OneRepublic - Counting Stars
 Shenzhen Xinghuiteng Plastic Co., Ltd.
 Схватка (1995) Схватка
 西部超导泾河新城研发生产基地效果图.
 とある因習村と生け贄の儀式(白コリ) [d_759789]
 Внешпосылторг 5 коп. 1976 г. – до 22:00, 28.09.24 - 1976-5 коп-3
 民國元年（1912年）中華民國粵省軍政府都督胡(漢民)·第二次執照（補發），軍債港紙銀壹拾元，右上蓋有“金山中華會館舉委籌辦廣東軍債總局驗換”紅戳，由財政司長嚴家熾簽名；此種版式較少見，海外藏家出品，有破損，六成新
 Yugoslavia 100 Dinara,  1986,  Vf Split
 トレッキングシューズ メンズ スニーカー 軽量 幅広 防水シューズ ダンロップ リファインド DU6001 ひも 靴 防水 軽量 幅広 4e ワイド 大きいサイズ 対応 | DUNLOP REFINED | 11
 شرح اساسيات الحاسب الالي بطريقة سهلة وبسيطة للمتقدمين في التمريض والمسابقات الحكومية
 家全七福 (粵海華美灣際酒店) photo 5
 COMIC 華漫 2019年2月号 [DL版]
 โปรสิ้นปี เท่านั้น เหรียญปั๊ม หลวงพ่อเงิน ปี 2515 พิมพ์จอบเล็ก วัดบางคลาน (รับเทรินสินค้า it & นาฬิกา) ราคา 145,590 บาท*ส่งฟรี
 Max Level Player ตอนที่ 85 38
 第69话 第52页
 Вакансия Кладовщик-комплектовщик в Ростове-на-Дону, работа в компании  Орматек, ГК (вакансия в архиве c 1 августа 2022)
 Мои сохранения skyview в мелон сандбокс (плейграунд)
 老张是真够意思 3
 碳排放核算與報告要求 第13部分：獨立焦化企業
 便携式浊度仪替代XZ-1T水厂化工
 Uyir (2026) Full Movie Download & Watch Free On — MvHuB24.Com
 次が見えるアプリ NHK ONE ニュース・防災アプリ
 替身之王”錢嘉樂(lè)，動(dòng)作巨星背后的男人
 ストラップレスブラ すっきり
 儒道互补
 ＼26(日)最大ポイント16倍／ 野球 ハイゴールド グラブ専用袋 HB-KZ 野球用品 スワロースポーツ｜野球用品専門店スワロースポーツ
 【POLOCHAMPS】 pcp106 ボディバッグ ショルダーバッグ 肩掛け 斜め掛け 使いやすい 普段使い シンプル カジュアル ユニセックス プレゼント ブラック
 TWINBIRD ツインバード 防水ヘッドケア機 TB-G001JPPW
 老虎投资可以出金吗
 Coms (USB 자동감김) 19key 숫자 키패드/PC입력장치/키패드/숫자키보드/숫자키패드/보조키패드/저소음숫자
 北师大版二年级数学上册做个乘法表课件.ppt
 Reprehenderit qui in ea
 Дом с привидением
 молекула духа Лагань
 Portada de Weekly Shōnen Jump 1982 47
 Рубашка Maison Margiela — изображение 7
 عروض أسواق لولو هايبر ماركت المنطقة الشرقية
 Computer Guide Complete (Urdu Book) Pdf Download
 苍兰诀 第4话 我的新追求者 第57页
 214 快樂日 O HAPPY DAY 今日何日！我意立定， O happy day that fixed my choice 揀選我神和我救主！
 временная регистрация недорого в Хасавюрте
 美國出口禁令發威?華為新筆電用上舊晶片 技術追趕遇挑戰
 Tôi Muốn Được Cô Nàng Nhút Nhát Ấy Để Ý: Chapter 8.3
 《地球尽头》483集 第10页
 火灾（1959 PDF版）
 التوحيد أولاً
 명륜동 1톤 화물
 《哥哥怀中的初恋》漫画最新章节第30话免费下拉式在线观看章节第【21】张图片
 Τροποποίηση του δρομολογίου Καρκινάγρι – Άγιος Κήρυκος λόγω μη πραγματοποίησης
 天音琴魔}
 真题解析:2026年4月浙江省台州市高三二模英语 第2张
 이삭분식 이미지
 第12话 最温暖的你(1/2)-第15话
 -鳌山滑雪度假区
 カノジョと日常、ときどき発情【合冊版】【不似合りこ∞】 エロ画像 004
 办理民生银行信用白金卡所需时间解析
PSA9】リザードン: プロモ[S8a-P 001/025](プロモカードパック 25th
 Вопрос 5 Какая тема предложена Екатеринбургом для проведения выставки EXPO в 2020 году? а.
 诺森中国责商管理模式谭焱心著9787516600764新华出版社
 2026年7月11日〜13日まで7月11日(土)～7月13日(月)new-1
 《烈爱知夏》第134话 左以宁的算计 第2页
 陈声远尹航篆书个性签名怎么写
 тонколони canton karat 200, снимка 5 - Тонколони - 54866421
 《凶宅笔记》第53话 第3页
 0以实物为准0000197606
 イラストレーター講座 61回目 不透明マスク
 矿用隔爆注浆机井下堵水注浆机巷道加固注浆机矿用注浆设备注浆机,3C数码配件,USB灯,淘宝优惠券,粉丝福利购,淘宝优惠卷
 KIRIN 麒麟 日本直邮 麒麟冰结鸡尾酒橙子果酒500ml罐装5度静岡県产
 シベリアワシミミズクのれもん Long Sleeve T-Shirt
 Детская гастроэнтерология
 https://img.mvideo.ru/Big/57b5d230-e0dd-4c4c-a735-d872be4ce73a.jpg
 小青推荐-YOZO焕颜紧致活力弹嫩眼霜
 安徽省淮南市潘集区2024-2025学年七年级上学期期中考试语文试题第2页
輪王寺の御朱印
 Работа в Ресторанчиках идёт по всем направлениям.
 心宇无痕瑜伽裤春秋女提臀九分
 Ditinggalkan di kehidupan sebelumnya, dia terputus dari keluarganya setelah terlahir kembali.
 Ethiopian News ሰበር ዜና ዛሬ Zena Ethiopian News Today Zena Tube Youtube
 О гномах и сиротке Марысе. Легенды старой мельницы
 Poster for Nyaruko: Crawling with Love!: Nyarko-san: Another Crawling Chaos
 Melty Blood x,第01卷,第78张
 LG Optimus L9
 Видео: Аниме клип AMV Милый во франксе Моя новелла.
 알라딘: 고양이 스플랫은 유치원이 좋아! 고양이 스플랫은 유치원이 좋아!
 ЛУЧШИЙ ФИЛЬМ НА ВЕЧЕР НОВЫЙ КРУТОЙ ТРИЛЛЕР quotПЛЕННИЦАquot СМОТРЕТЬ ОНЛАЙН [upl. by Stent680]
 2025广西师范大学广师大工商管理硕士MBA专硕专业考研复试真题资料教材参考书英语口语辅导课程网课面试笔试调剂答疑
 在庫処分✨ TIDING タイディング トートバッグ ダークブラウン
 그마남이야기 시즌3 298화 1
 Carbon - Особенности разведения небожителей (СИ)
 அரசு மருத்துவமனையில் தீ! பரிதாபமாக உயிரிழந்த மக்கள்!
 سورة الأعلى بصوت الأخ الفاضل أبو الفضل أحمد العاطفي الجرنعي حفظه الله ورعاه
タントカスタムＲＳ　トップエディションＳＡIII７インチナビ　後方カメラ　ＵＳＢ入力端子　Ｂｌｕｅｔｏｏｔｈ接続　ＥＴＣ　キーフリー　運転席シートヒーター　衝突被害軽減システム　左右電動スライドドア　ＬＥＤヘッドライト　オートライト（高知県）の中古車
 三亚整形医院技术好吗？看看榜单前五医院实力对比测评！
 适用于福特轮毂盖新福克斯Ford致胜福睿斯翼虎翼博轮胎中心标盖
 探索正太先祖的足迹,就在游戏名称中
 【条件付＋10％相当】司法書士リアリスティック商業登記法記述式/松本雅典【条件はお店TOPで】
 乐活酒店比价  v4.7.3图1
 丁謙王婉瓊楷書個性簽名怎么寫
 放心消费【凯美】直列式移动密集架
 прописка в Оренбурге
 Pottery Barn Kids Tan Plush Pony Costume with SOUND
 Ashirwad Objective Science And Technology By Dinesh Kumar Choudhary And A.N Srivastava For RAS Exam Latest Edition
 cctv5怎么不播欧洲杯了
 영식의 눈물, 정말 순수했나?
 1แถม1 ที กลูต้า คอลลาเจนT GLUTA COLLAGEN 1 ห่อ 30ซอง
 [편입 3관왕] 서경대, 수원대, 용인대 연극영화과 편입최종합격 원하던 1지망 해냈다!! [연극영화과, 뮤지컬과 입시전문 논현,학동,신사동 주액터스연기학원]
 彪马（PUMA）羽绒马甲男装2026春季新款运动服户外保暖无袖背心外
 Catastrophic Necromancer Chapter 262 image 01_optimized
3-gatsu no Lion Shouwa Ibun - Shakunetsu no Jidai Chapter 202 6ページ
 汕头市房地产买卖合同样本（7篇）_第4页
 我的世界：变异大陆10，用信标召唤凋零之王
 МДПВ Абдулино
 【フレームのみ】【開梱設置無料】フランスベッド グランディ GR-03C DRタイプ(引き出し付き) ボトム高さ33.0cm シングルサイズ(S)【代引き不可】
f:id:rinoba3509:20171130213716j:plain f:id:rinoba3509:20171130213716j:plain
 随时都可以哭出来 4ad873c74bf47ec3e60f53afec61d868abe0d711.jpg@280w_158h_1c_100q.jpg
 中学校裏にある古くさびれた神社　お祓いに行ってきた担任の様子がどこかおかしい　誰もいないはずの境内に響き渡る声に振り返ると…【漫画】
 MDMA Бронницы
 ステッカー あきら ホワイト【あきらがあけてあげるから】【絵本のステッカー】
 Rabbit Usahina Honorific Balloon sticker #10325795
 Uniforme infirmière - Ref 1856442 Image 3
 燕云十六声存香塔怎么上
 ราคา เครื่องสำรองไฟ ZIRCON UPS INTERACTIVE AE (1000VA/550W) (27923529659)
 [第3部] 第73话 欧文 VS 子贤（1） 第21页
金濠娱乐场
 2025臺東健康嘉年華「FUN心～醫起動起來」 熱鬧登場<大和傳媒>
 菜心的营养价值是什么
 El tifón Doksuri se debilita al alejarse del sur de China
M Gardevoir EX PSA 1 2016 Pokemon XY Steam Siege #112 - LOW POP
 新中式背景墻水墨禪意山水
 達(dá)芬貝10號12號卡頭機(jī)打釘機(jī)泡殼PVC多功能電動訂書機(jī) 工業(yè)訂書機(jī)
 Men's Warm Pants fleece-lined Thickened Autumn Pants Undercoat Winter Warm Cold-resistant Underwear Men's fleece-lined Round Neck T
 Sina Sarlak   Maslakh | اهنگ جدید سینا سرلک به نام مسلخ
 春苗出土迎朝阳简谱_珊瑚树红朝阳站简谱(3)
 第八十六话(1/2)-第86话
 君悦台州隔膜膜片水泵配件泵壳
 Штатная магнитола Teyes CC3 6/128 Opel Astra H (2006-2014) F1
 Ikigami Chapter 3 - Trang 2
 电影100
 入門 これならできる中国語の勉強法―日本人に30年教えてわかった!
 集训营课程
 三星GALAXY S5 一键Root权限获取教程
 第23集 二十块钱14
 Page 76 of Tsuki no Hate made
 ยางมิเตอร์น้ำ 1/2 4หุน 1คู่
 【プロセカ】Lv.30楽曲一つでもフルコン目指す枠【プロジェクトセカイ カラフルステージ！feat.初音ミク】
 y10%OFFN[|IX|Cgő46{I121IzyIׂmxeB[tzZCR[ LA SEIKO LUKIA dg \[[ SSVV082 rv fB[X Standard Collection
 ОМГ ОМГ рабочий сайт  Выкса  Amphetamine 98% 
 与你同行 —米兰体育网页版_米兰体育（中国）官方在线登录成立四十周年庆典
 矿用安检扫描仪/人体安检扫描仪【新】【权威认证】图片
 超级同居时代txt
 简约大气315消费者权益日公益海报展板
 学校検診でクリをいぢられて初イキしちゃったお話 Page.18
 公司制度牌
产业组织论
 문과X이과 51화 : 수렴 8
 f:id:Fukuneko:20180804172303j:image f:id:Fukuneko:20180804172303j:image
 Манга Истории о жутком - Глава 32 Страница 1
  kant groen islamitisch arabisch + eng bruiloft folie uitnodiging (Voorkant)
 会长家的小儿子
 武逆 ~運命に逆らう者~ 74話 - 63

• To do: Lines with "Page" in the records above: copy every one of them.

• Finished task:
 Page 76 of Tsuki no Hate made
 学校検診でクリをいぢられて初イキしちゃったお話 Page.18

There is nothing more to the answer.